Su vida transcurría rutinaria, aburrida, monótona, solo alterada los domingos que se desplazaba con su bicicleta a la localidad vecina para compartir mesa y mantel con algún amigote en el ventorrillo. En más de una ocasión, de regreso a casa por la noche, ebrio, desmañado por el vino, encarrilado en el pronunciado releje marcado en el camino carretero desgastado y desigual, caía de bruces y quedaba tendido en la cuneta desvariando entre risas y quejidos hasta el amanecer. Pero era duro de pelar: Superada su obnubilación etílica, aún dolorido, canturreaba al despertar:

Y cuando el tiempo me gane

ya cansado y para viejo

jugaré a pastor de nubes

y de zagal pondré al viento

estrofa de la canción “Pastor de nubes” de un flamenco de pro: José Domínguez Muñoz, “El Cabrero”. Cabrero como él.

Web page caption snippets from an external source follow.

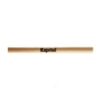 Manico legno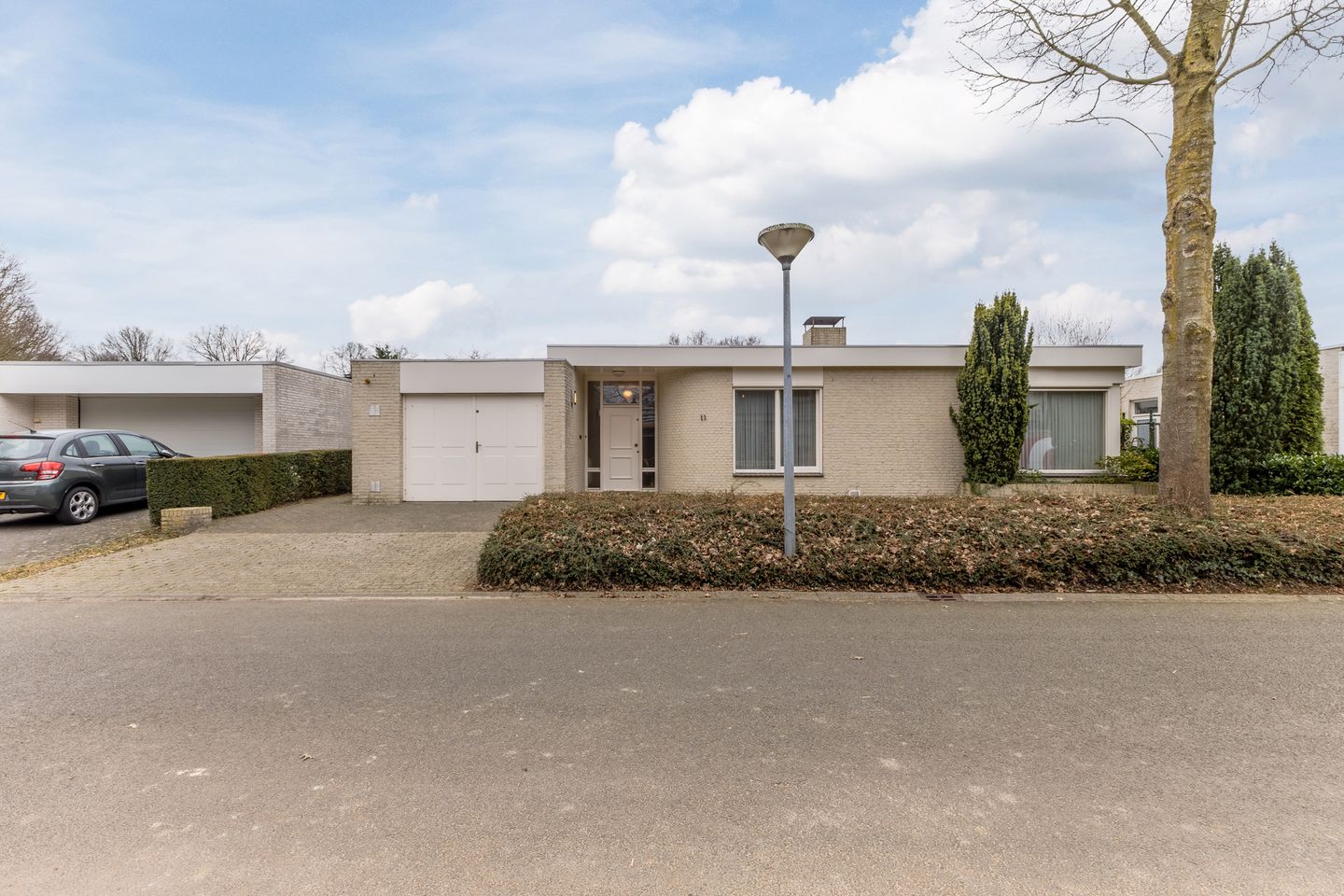 Foto 1 van Willem Jan Jonkerlaan 11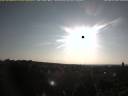 Vorschaubild von 11.06.2025 19:46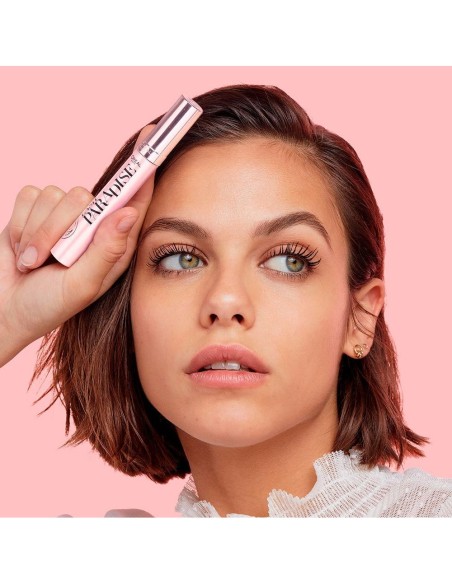 L'Oreal Lash Paradise Máscara De Pestañas 01 Negra 64Ml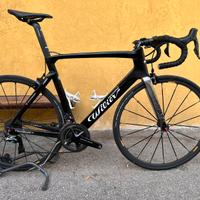 Wilier 110 Pro tg XL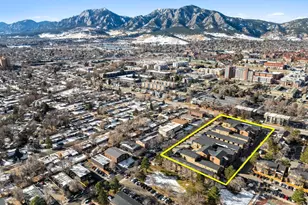 3009 Madison Ave, Boulder, CO 80303 - Photo 2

            Maloliente, a la aurora, antes de llegar al pueblo se lavaba en la fuentecilla que manaba en el recodo de la carretera justo antes de la primera casa; y despabilado por la frescura del agua, cogía de nuevo la bicicleta y se dirigía al corral para iniciar con sus cabras el recorrido diario, tedioso y cargante, repartiendo leche.

Con el tiempo arrostró la temblequera que corroía su cuerpo hasta que, ya arrugado y viejo, ensimismado, cansado y hueco como pompa de jabón, cambió las cabras por nubes algodonosas y etéreas para pastorearlas arropado con manta, sin mastín, la vista enturbiada y sentado en silla de enea.

            Con él se acabó el oficio en el pueblo.